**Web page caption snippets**
BEGIN
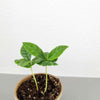 Grow a Coffee Plant Seed Kit – photo 10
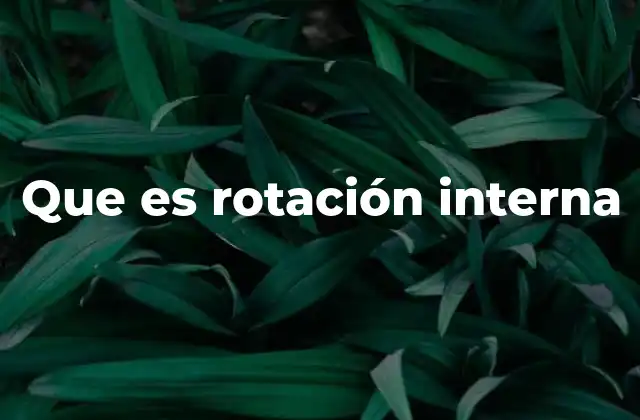 Importancia de la rotación interna en el cuerpo humano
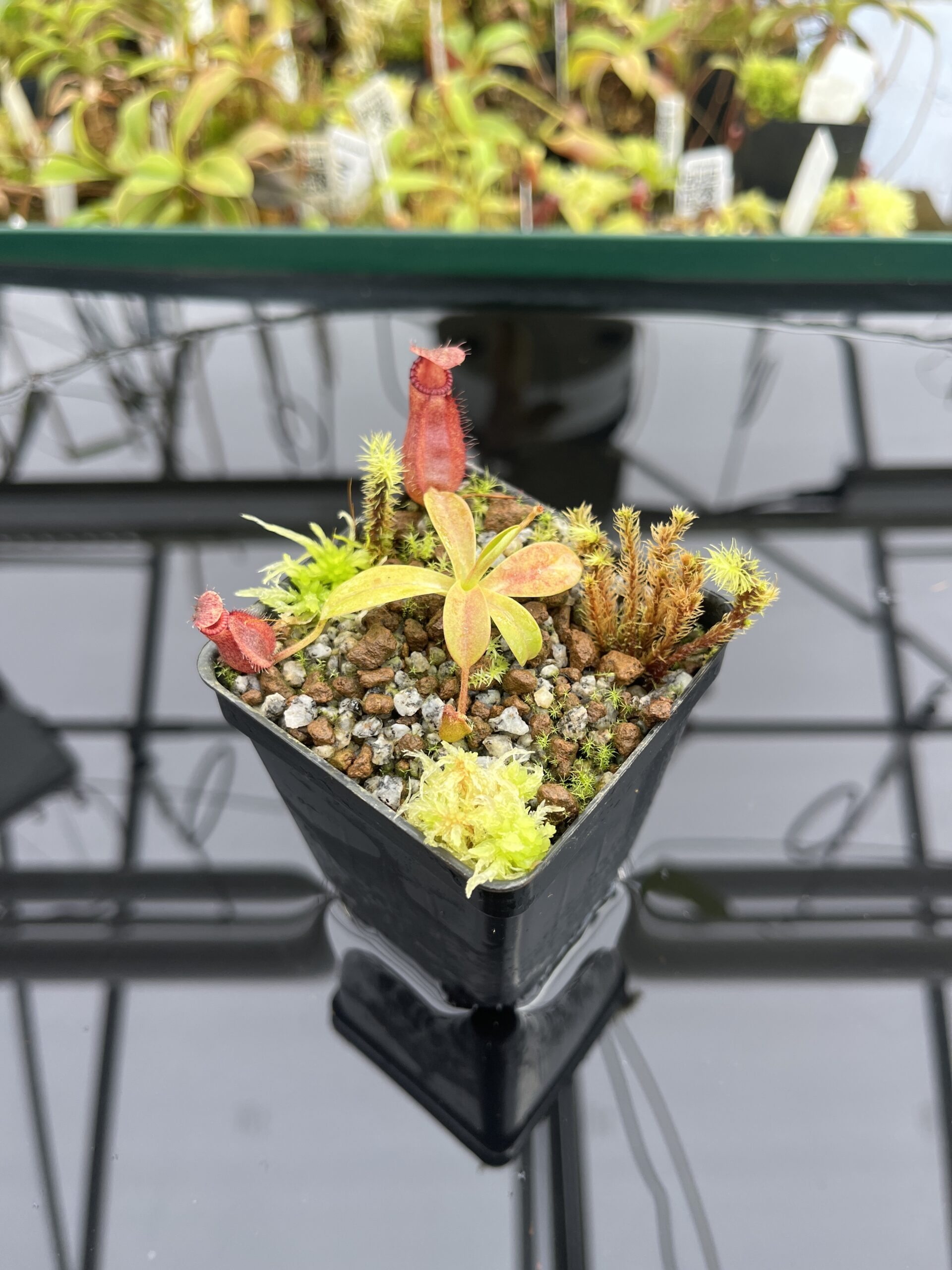 Wide Angle of Nepenthes villosa x hamata | Borneo Exotics | BE-4099 | H24717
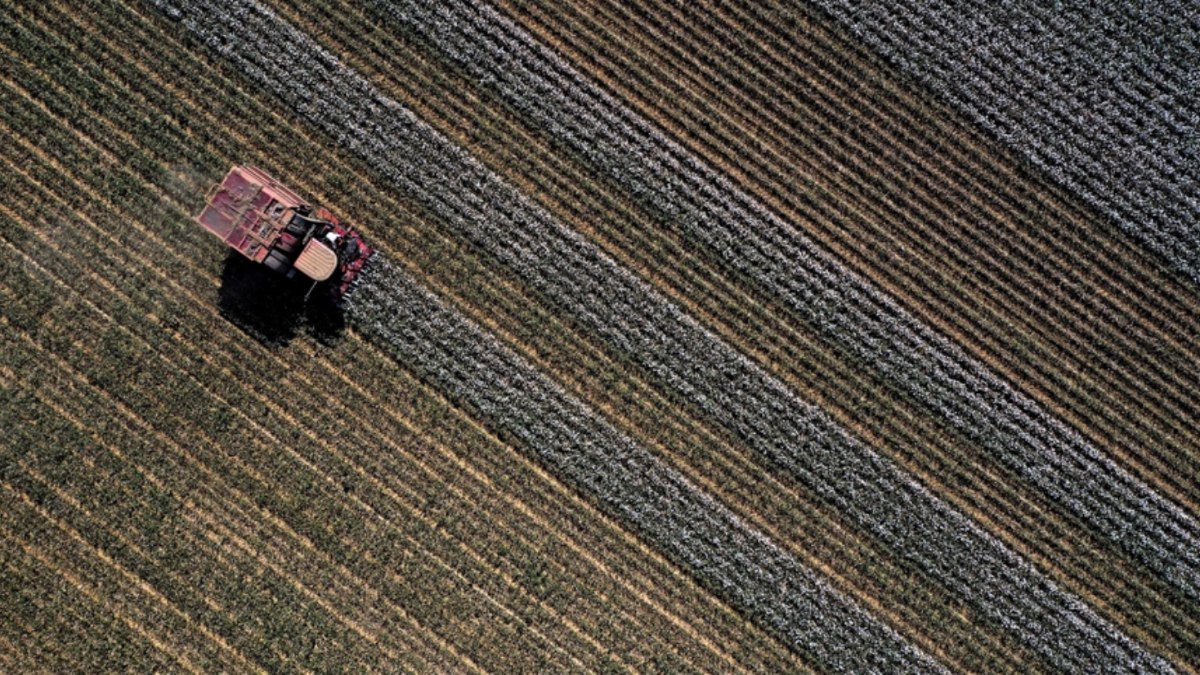Tarımda 100 projeye 461 milyon lira hibe ödenecek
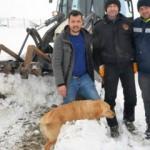 Aç ve susuz 2 gün boyunca mahsur kaldılar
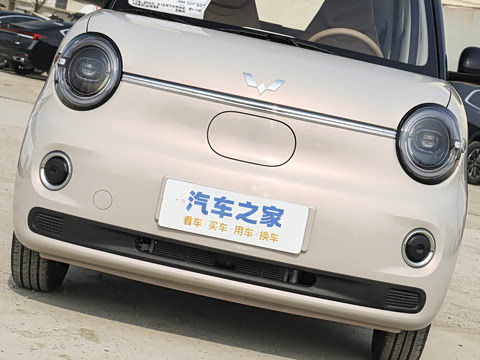 2026�� ����� 205km ���׿�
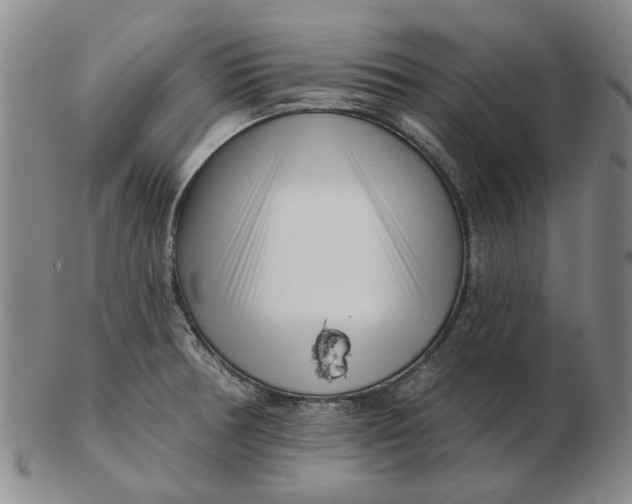 X0000102791378200809081040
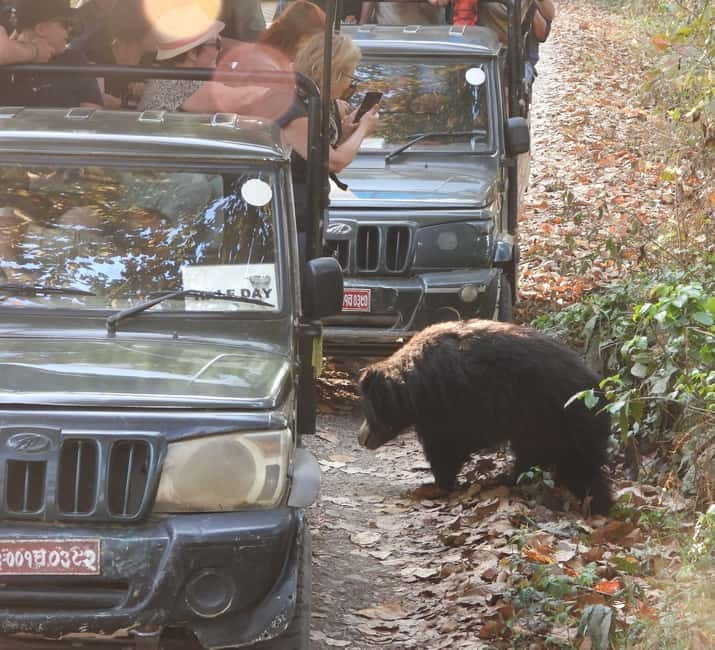 Chitwan: Full-Day Safari Canoeing and Jungle Walk and Jeep - Is $86 a fair price?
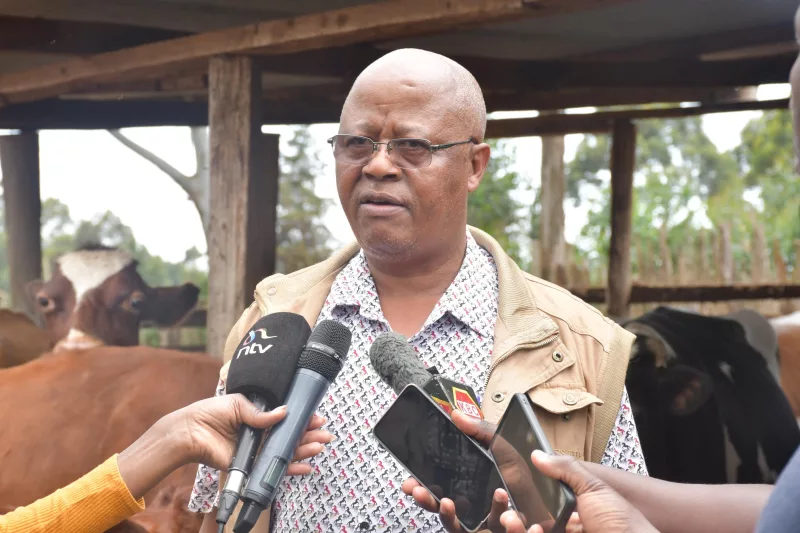 Maize shortage hits dairy farmers as feed costs soar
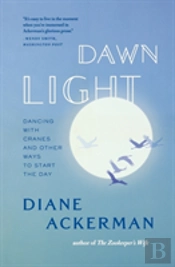 Dawn Light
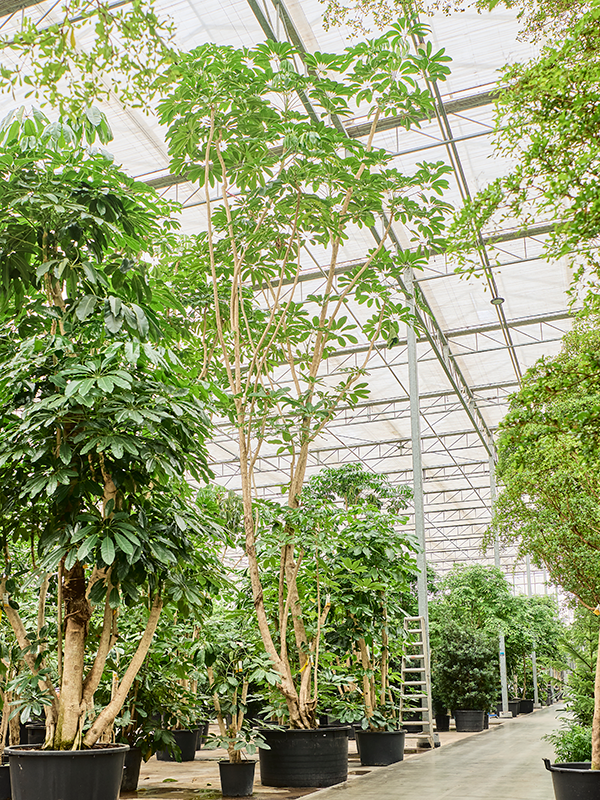 Planta naturala de interior Branched D450xH850cm Schefflera actinophylla 'Amate' (800-900) PS120/68cm in pamant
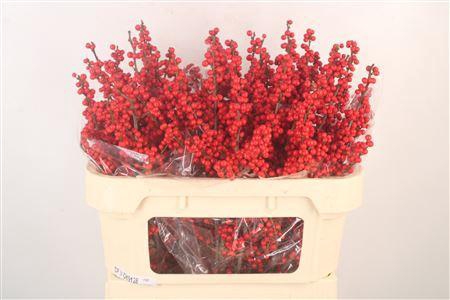 <h4>Ilex Verticilata Red X30</h4>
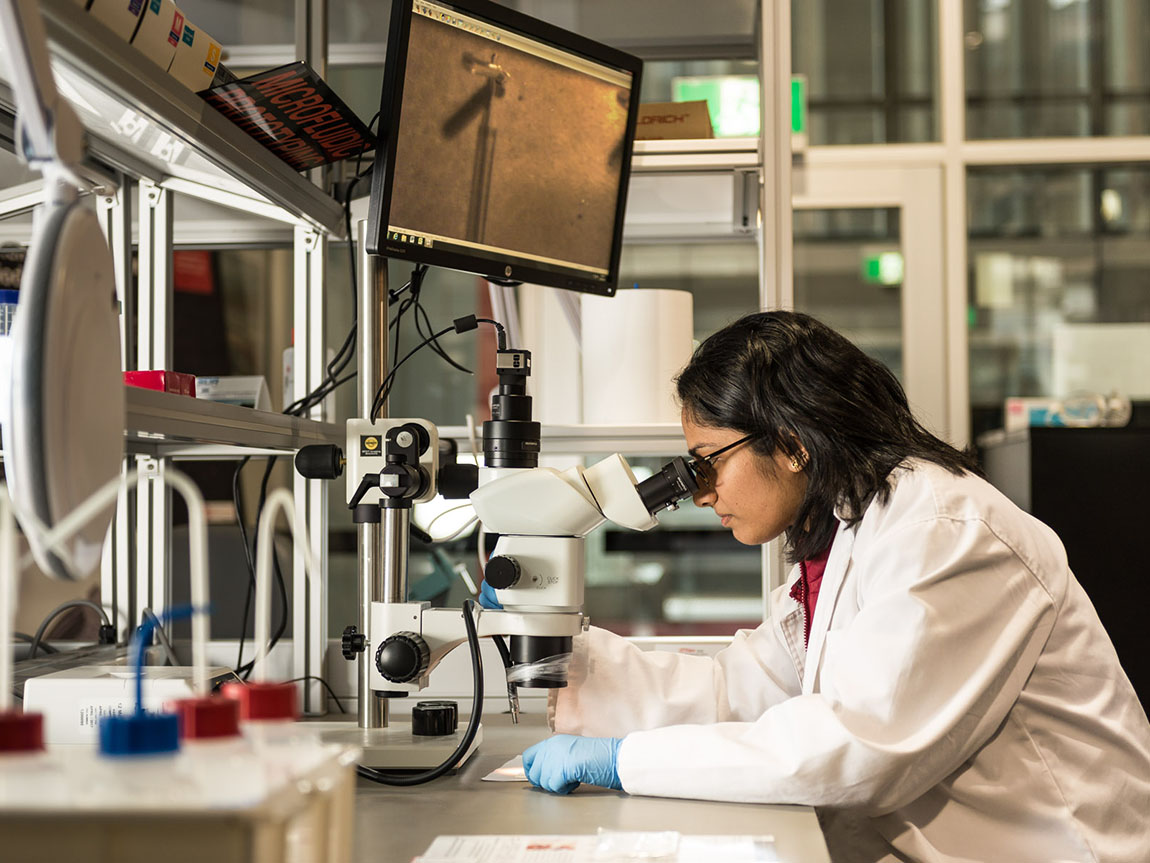 Science research student at work, Melbourne, Victoria, Australia. Photo: DJPR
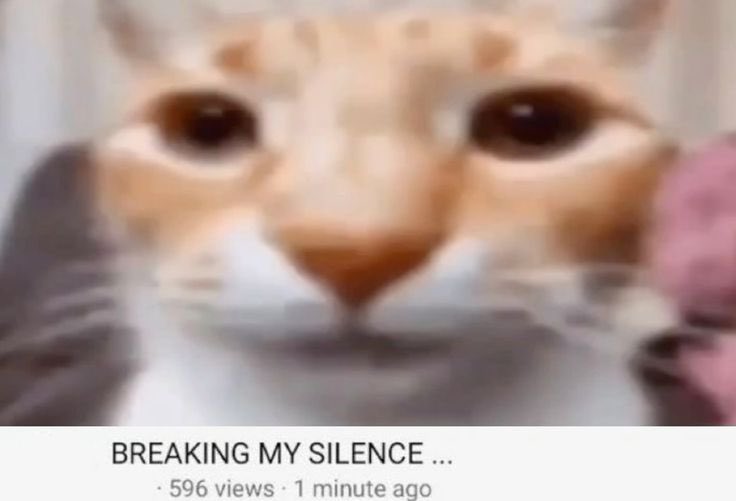 jas ⋆˙⟡ tweet media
END
**DESCRIPTION OF THE TASK**
Reproduce, exactly and with no pictures, the lines from the line containing "Planta naturala de" through the closing line of the data above, keeping both ends.

**OUTPUT OF THE EXERCISE**
 Planta naturala de interior Branched D450xH850cm Schefflera actinophylla 'Amate' (800-900) PS120/68cm in pamant
 <h4>Ilex Verticilata Red X30</h4>
 Science research student at work, Melbourne, Victoria, Australia. Photo: DJPR
 jas ⋆˙⟡ tweet media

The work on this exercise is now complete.